I nostri ricordi sono profumi, odori, essenze. Non in senso metaforico, proprio in senso letterale. L’idea (non nuova) mi è ritornata leggendo un bellissimo libro in cui l’autore diceva una cosa verissima: nei miei ricordi felici c’è sempre una pineta. Lui, Antonio Pascale, parlava di aghi di pini da sentire sotto piedi nudi e ragazzini. Però anche questo è un profumo, anche le immagini lo diventano nelle nostre menti e soprattutto nei nostri cuori raffreddati dalla quotidianità.
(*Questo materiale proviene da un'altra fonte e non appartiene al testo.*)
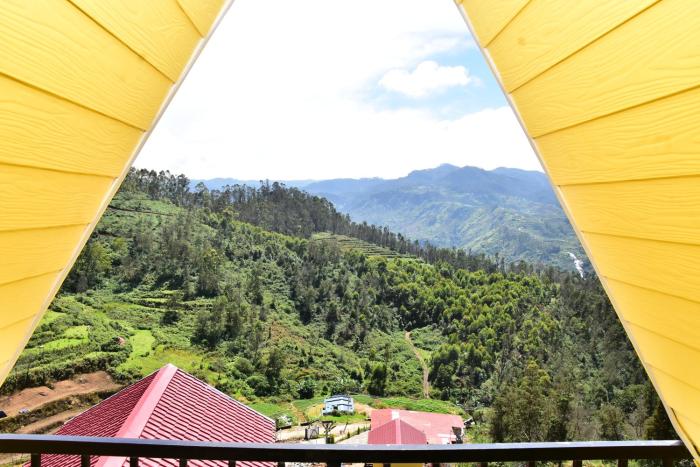 cloudy nandy hills poombarai kodaikanal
La nostra memoria viene attivata da profumi, i nostri rammenti del passato sono odori che soltanto noi riconosciamo come nostri, che soltanto noi sappiamo (ri)miscelare con parole, piatti, abracci e litigate. E non li riusciamo a spiegare, a descrivere, a volte nemmeno a identificare, quei profumi trigger, quei grilletti premuti di pace interiore. Perché i ricordi sono così: come fai a esprimerli, soprattutto mentre li stai vivendo, godendo, curando? Il mare, per me, è un profumo secco e ventilato che sentivo appena poggiavo il primo piede in suolo sardo. Oleandri? Forse, anche. L’estate per me è clima da tinello, fiori di zucca fritti ma dolci, gnocchi di patate e appretto di sottovesti di nonna o lacca di pettinatrice. Il mare, per tutti noi, è il profumo industriale di una crema doposole. Delle case dei nostri lutti più cari e dolorosi ricordiamo soprattutto l’odore: apri quella porta e c’è, chiudi quella porta e non c’è più. E vai a ricercarlo in sciarpe, oggetti. Un tempo si mettevano conchiglie e sabbie in barattoli, penso fosse proprio per questa meritoria e illusoria speranza di chiudere dentro un luogo a portata di mano un’esperienza e un affetto a portata di malinconia. Impossibile. La sera, per me, era un profumo di grilli che smetteva mai, muffa e umido le raccolte dei funghi, sciolina e freddo le vacanze a sciare, borbottii di sughi e conserve i settembre di lacrime e pianti – fine estate, fine vacanza, fine spensieratezza, fine sere tardi – un attimo prima dell’appello in classe, essendo peraltro molto spesso il primo dell’alfabeto. Fai presto. Un giorno, studiando in biblioteca, tra codici e combinati disposti di norme, sentii una vaniglia mista a qualcosa. Doveva esserci lei, a studiare poco più in là. Alzai lo sguardo tra le volte alla Harry Potter, guardai, guardai, ma non avevo dubbi, l’amica era là, anni dopo l’ultima volta, molto più brava e molto più bella tra codici e combinati disposti perfettamente applicati al suo futuro. Nei ricordi anche i rumori – lo stadio e il tifo – diventano odori – salamelle e caldarroste. Nei ricordi anche i paesaggi diventano profumi, tigli, pini romani. Pitosforo. Ecco, Roma è essenzialmente la capitale imperiale dei profumi (e purtroppo anche degli odori).
Il nostro corpo ha cinque sensi e la nostra vita infinite ambientazioni, ma soltanto un senso è in grado di farci sfogliare l’album dei ricordi, girare le pagine e passare da una dimensione a un’altra. Così, a naso, soprattutto uno.